R&D Tax Credit News
TCJA Dec 2017
April 4, 2018
Tax Cuts and Jobs Act, H.R. 1
December 22, 2017
Summary of the Impact of Tax Reform on the Research Credit:
- Section 280C benefit increased
- Due to the corporate tax rate cut from 35% to 21%, the election to reduce the credit under Section 280C will result in claiming 79% of the credit instead of 65%
- Fiscal Year Taxpayer implications – because the rate decreased to 21% as of a specific date, rather than effective for a tax year, taxpayers with fiscal year ends vs. calendar year end will use a blended rate for the first year during 2018. The blended rate will be calculated by a ratio of number of days in 2017 and 2018.
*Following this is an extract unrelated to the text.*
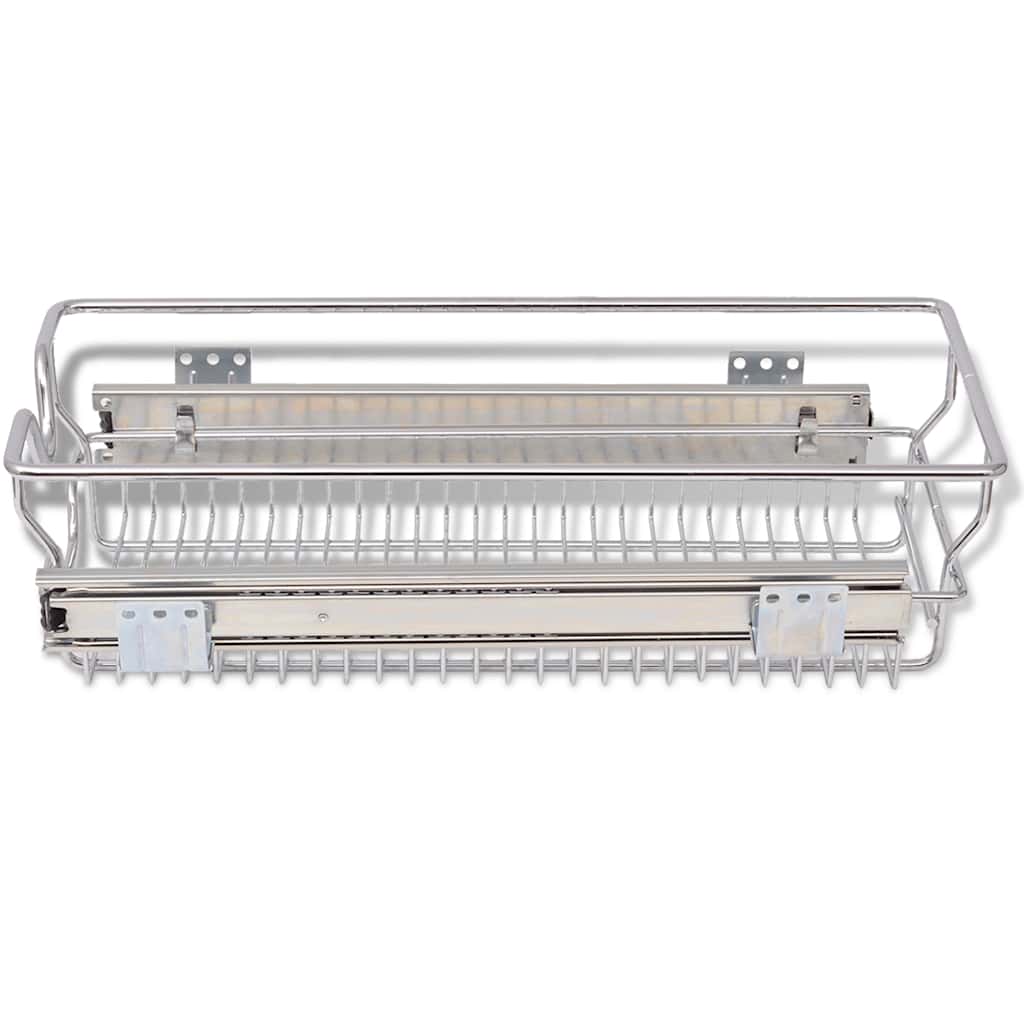 vidaXL Einbauschublade Korbauszug 2 Stk. Silbern 300 mm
- Effective Date – January 1, 2018
- Net Operating Loss Deduction Changes
- The new law provides that taxpayers can only offset 80% of their taxable income (TI) with net operating loss carryforwards (NOL). Therefore, taxpayers with NOLs may now benefit currently from the credit since they will be subject to tax on 20% of their TI.
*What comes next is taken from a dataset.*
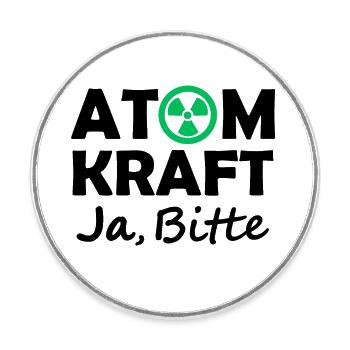 Atomkraft, Ja bitte, Ja zu Kernenergie - Runder Kühlschrankmagnet - Weiß - Vorne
- Effective Date – Tax years beginning after December 31, 2017
- Loss carryback provisions have been repealed, however, loss carryforwards can now be carried forward indefinitely, effective for tax years ending after December 31, 2017
- Required Amortization for Research Expenses
- The new law requires taxpayers to capitalize and amortize Section 174 (R&D) expenditures over 5 years, beginning with the midpoint of the taxable year the expenditure is incurred. Non-US expenditures will be amortized over 15 years.
- Software development costs will also be treated as 174 expenditures and will therefore fall under the same amortization requirements.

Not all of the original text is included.